= Beginning of Section =

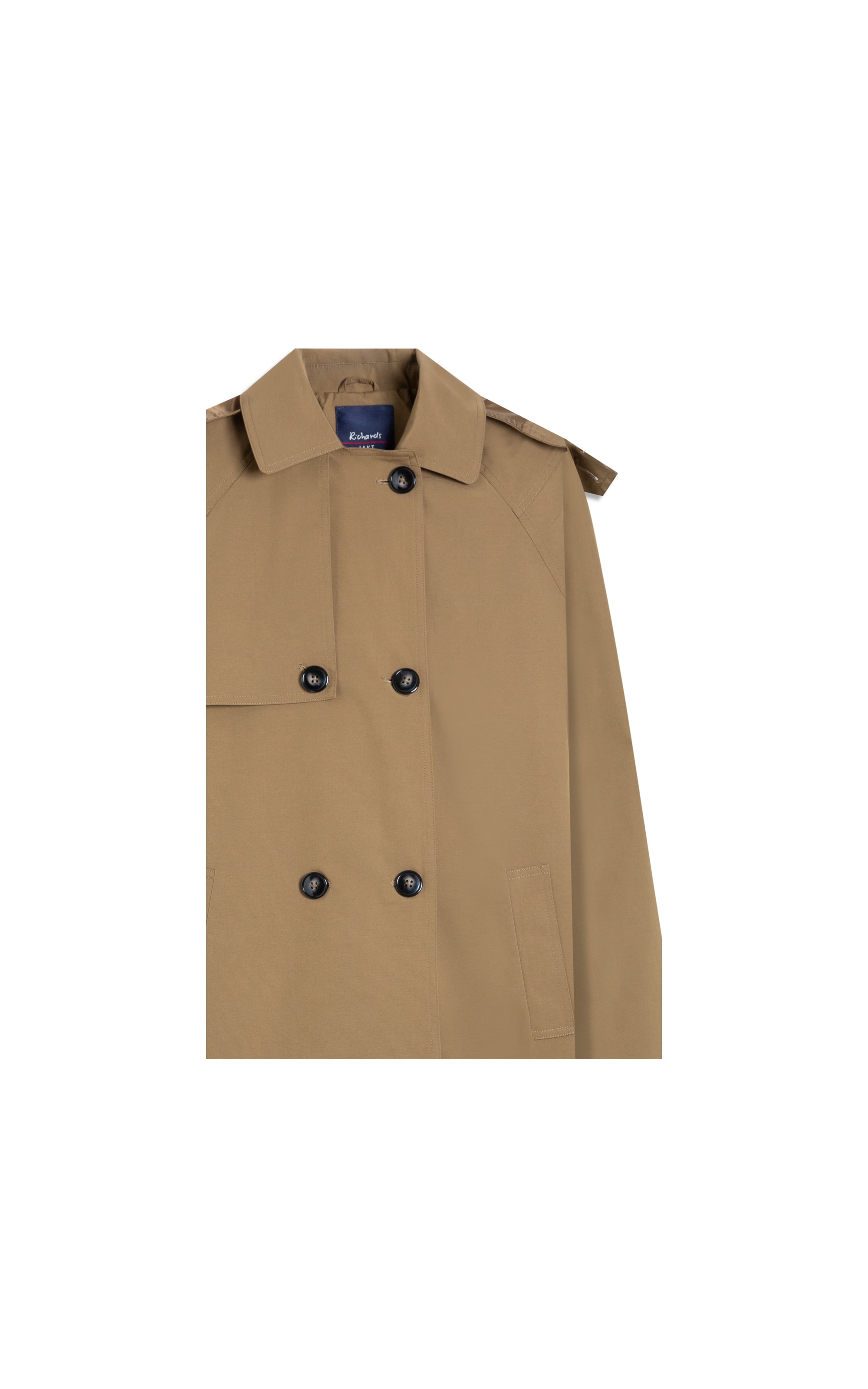 Tech Trench Coat Caqui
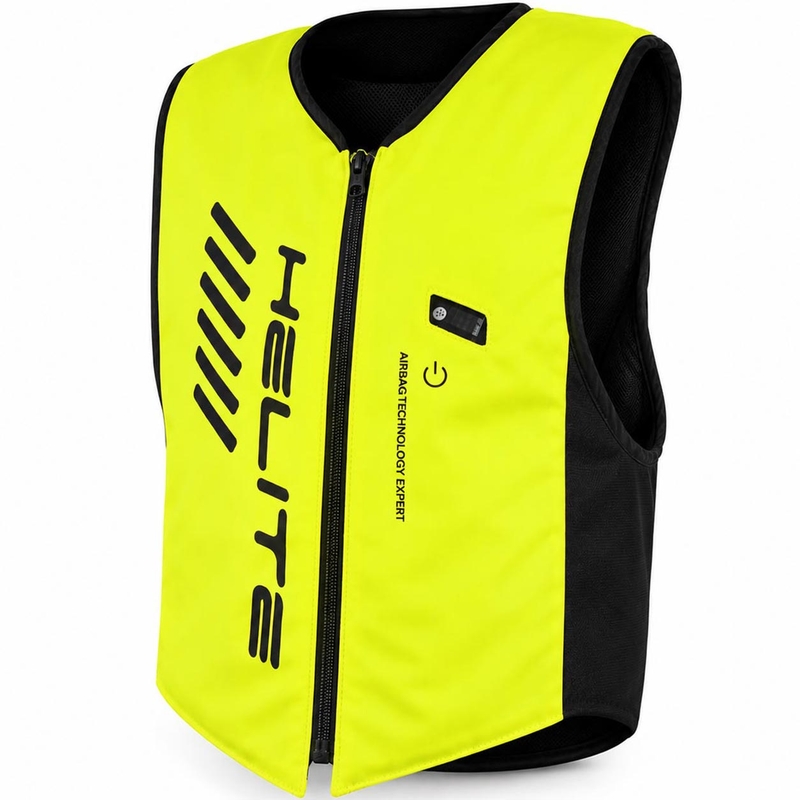 Airbagová vesta Helite Double Turtle Hivis zeleno-žltá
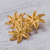Gold plated filigree brooch pin, 'Amazon Bouquet' - Floral Gold Plated Filigree Brooch Pin (image 2b) thumbail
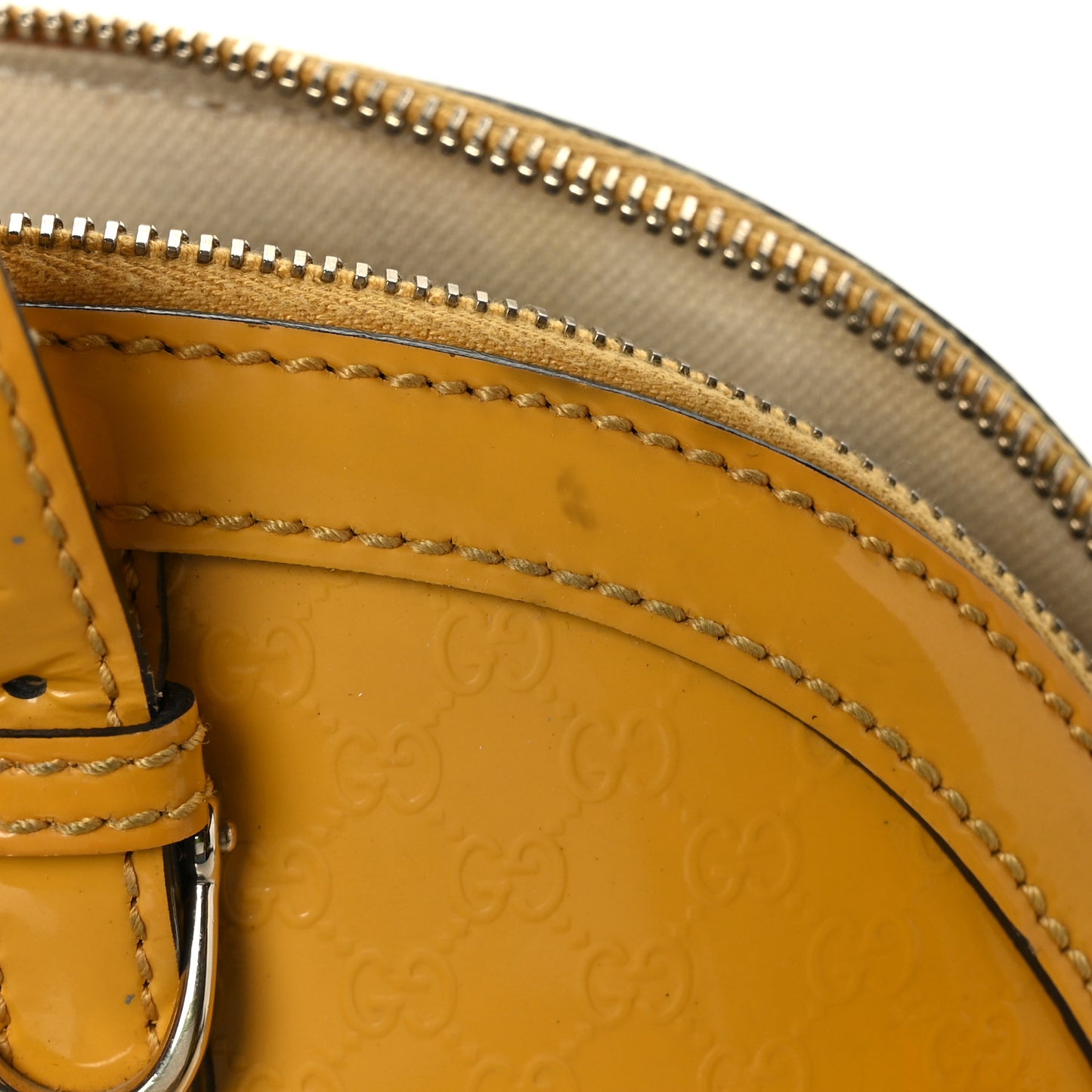 Patent Microguccissima Small Nice Top Handle Dome Bag Bumblebee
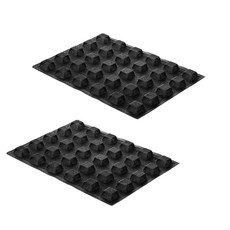 silikomart AIR PLUS 20 SET 2 N.30 SQUARE 烘焙模具 35 x 35 x H 16 mm, 單一顏色, 2個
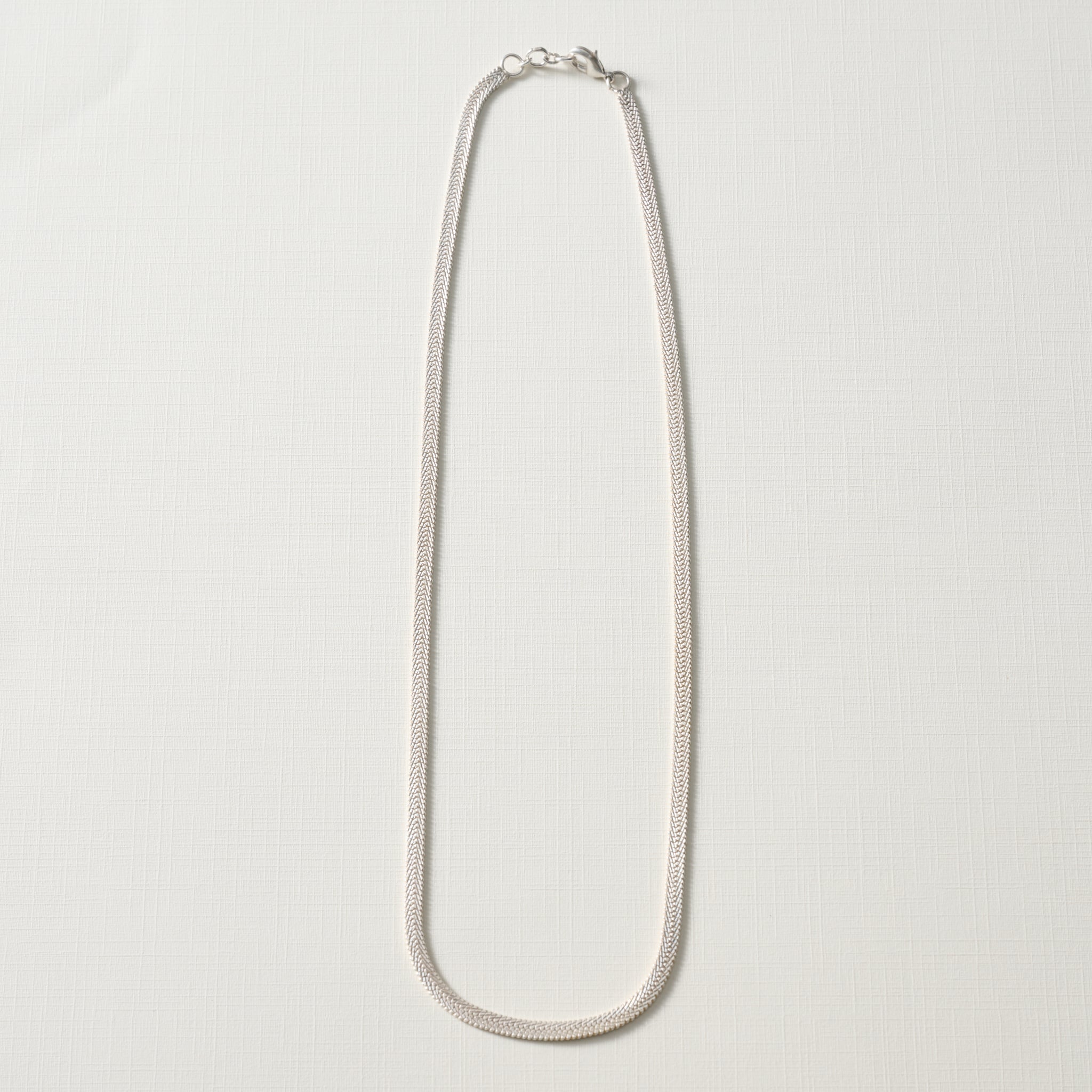 Zara Silver Tone Snake Necklace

= End of Section =

Exercise details:
Above are the records. Copy only the lines from the one with "Airbagová vesta Helite" through the one with "Patent Microguccissima Small", exactly, with no pictures.

Response box:
 Airbagová vesta Helite Double Turtle Hivis zeleno-žltá
Gold plated filigree brooch pin, 'Amazon Bouquet' - Floral Gold Plated Filigree Brooch Pin (image 2b) thumbail
 Patent Microguccissima Small Nice Top Handle Dome Bag Bumblebee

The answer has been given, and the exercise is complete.